Task for the records below: copy exactly from the first line on, stopping once the line with "Tesettür giyim HAKİ" is copied, and leave out the pictures.

- Opening Delimiter -

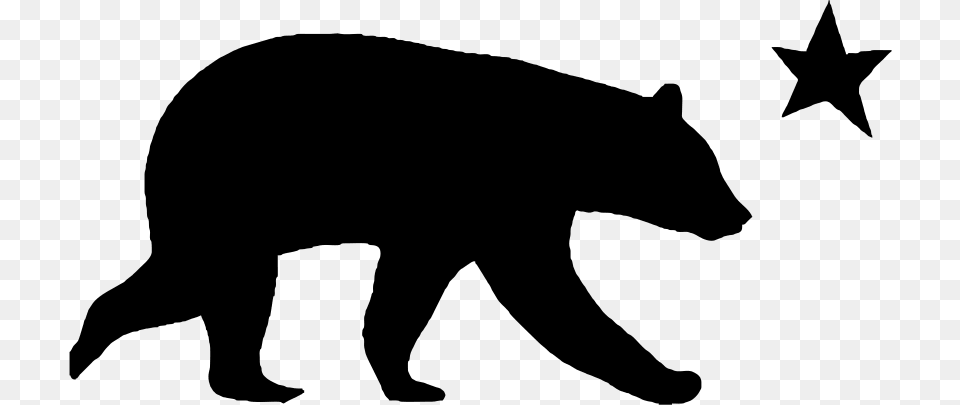 California Bear And Star, Animal, Mammal, Wildlife, Silhouette Free Png Download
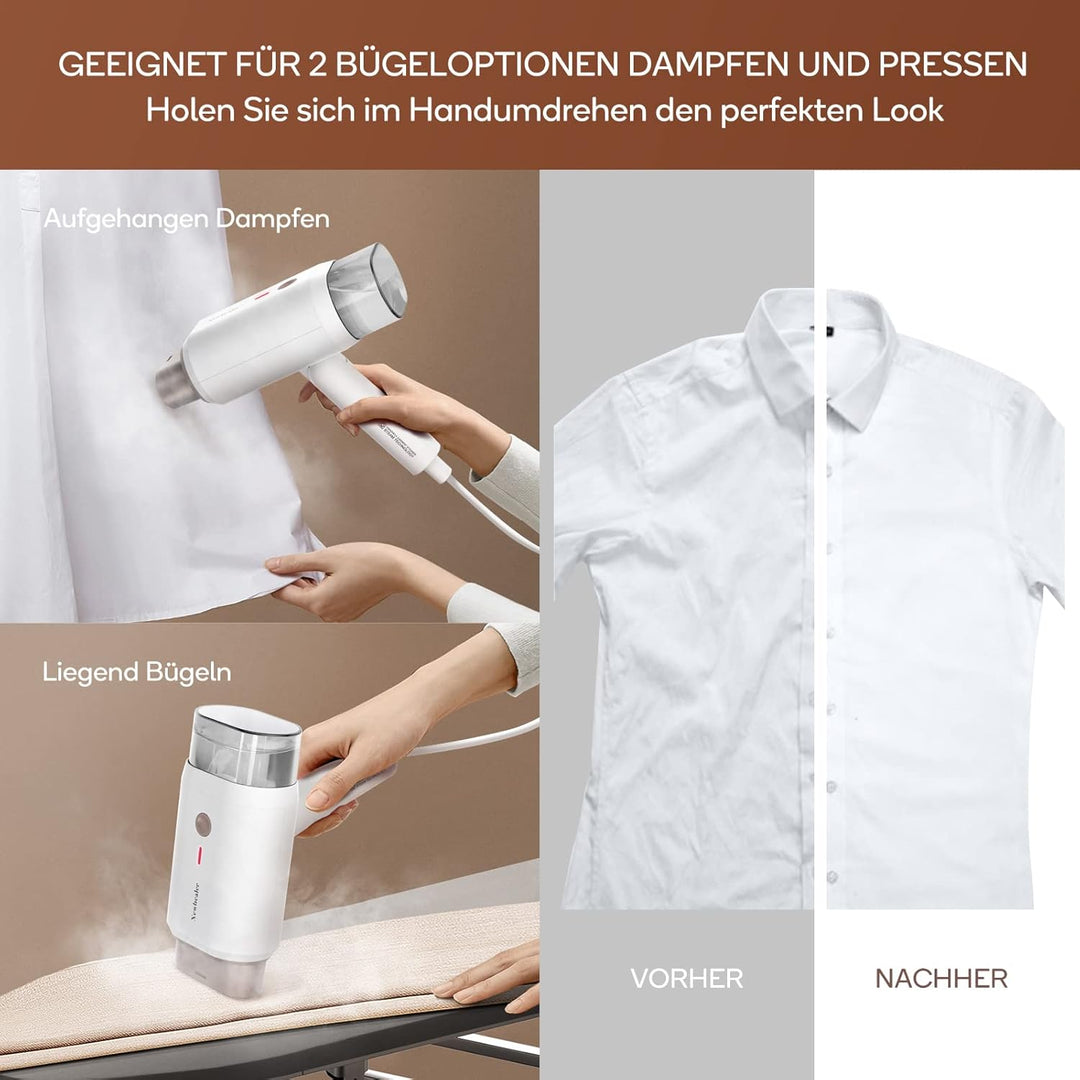 Newbealer Steamer Dampfglätter, 1200W Dampfbügeleisen Reise für Kleidung, 2 Dampfstufen Reisebügelei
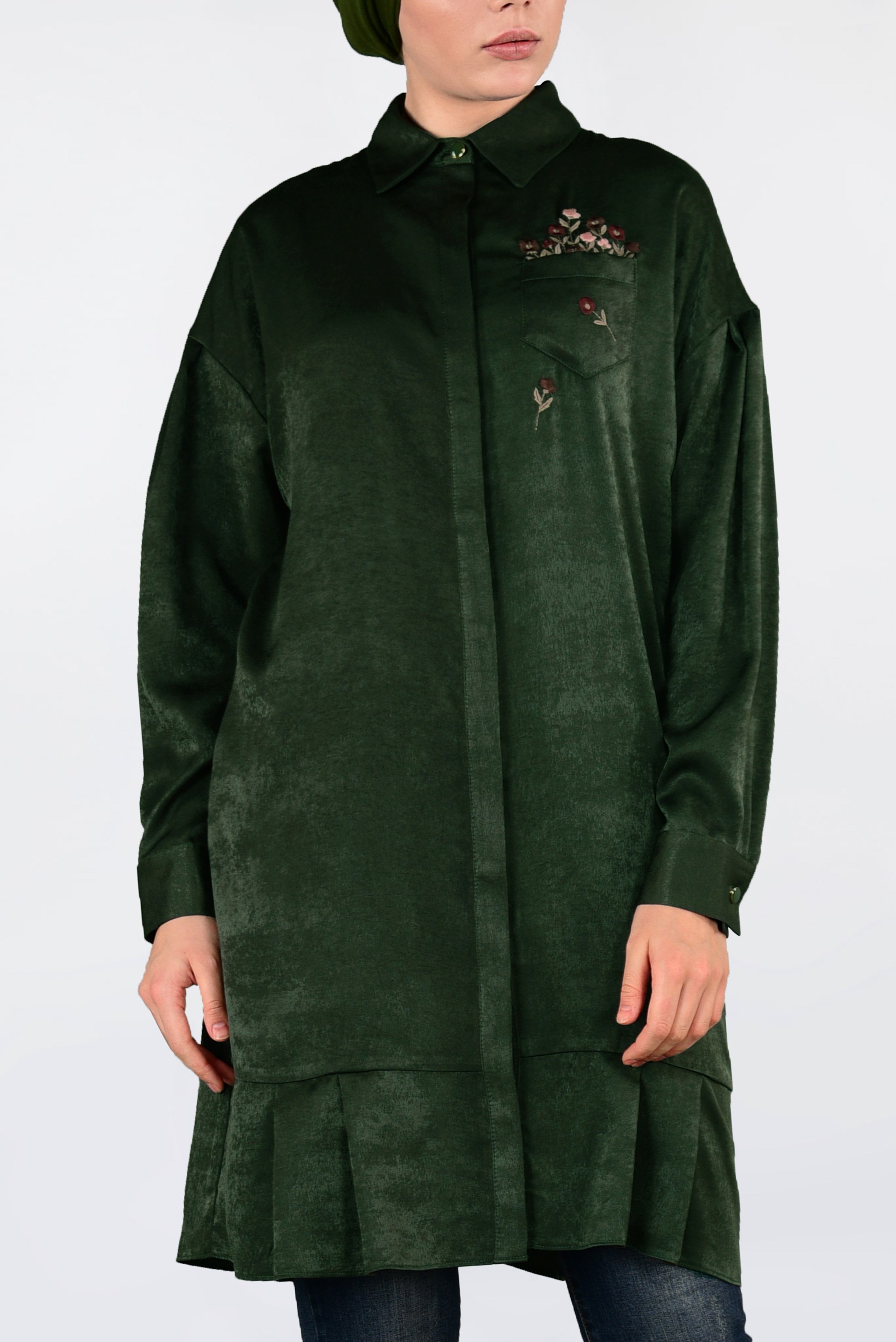 Tesettür giyim HAKİ ÖNÜ NAKIŞ DETAYLI ETEK UCU FIRFIRLI TUNİK 4721 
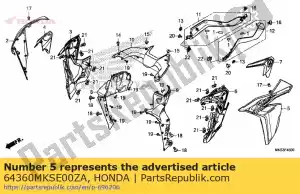 honda 64360MKSE00ZA zestaw ilu? l ?rodkowy kaptur - Dół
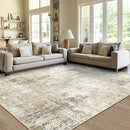Washable Area Rugs 8'x10' Non-Slip Modern Abstract Soft for Living Room Entryway Bedroom Nursery, Print Pattern, Neutral Brown Gray by TinyTreasures Baby Boutique
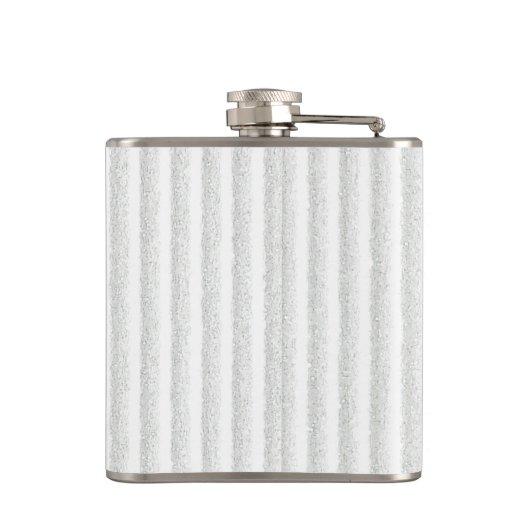 垂直認識度上の白いリボンのストライプ フラスク (裏面)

- Closing Delimiter -

_Solution to this task_:
 California Bear And Star, Animal, Mammal, Wildlife, Silhouette Free Png Download
 Newbealer Steamer Dampfglätter, 1200W Dampfbügeleisen Reise für Kleidung, 2 Dampfstufen Reisebügelei
 Tesettür giyim HAKİ ÖNÜ NAKIŞ DETAYLI ETEK UCU FIRFIRLI TUNİK 4721 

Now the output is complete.